To be successful in your mission, you have to swim under the ship and find the keel — the center line and the deepest part of the ship.

This is your objective. But the keel is also the darkest part of the ship — where you cannot see your hand in front of your face, where the noise from the ship’s machinery is deafening and where it gets to be easily disoriented and fail.

Every SEAL knows that under the keel, at the darkest moment of the mission — is the time when you need to be calm, when you must be calm, composed — when all your tactical skills, your physical power and all your inner strength must be brought to bear.

#8. If you want to change the world, you must be your very best in the darkest moment.

The ninth week of training is referred to as “Hell Week.” It is six days of no sleep, constant physical and mental harassment and one special day at the Mud Flats. The Mud Flats are an area between San Diego and Tijuana where the water runs off and creates the Tijuana Slues — a swampy patch of terrain where the mud will engulf you.

It is on Wednesday of Hell Week that you paddle down to the mud flats and spend the next 15 hours trying to survive the freezing cold mud, the howling wind and the incessant pressure to quit from the instructors.
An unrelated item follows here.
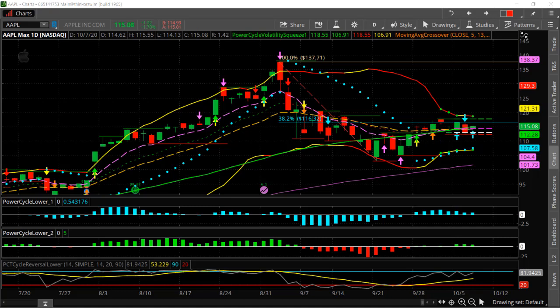Hi, Larry Gaines, PowerCycleTrading.com. In this video, I'm going to go over and review what is called a risk reversal option strategy. I'm going to go through the how, why, and when to use this strategy. It's a really interesting strategy that's kind of a levered-up strategy.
As the sun began to set that Wednesday evening, my training class, having committed some “egregious infraction of the rules” was ordered into the mud.
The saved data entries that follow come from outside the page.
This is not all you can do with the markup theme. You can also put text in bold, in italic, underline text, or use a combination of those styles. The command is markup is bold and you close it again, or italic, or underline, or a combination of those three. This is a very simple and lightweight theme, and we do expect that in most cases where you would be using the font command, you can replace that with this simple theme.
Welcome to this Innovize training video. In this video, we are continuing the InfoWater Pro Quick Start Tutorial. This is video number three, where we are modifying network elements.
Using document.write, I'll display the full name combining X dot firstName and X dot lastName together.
The mud consumed each man till there was nothing visible but our heads. The instructors told us we could leave the mud if only five men would quit — only five men, just five men, and we could get out of the oppressive cold.

Looking around the mud flat it was apparent that some students were about to give up. It was still over eight hours till the sun came up — eight more hours of bone chilling cold.
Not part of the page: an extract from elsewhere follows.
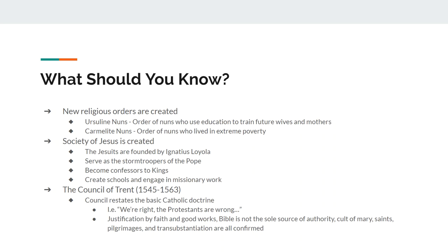We have the Society of Jesus, also known as the Jesuits, founded by a guy named Ignatius Loyola. Before he becomes the founder of the Society of Jesus, Loyola is a soldier — a warrior. He and the Jesuits are employed by the Catholic Church to basically become the stormtroopers for the Pope. Whenever the Pope needs somebody converted, or needs someone to create a school or become a missionary, the Jesuits are the ones who are sent. The Jesuits are like stormtroopers — that's how I always consider them.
The chattering teeth and shivering moans of the trainees were so loud it was hard to hear anything and then, one voice began to echo through the night — one voice raised in song.

The song was terribly out of tune, but sung with great enthusiasm.

One voice became two and two became three and before long everyone in the class was singing.

We knew that if one man could rise above the misery then others could as well.

The instructors threatened us with more time in the mud if we kept up the singing — but the singing persisted.

And somehow, the mud seemed a little warmer, the wind a little tamer and the dawn not so far away.

If I have learned anything in my time traveling the world, it is the power of hope. The power of one person — a Washington, a Lincoln, King, Mandela and even a young girl from Pakistan — Malala — one person can change the world by giving people hope.

#9. So, if you want to change the world, start singing when you’re up to your neck in mud.

Finally, in SEAL training there is a bell. A brass bell that hangs in the center of the compound for all the students to see.

All you have to do to quit is ring the bell. Ring the bell and you no longer have to wake up at 5 o’clock. Ring the bell and you no longer have to be in the freezing cold swims.

Ring the bell and you no longer have to do the runs, the obstacle course, the PT — and you no longer have to endure the hardships of training.

All you have to do is ring the bell to get out.

#10. If you want to change the world don’t ever, ever ring the bell.

To the graduating class of 2014, you are moments away from graduating. Moments away from beginning your journey through life. Moments away from starting to change the world — for the better.

It will not be easy.

But, you are the class of 2014—the class that can affect the lives of 800 million people in the next century.

Start each day with a task completed.

Find someone to help you through life.

Respect everyone.

Know that life is not fair and that you will fail often, but if you take take some risks, step up when the times are toughest, face down the bullies, lift up the downtrodden and never, ever give up — if you do these things, the next generation and the generations that follow will live in a world far better than the one we have today and — what started here will indeed have changed the world —for the better.

Thank you very much. Hook ‘em horns.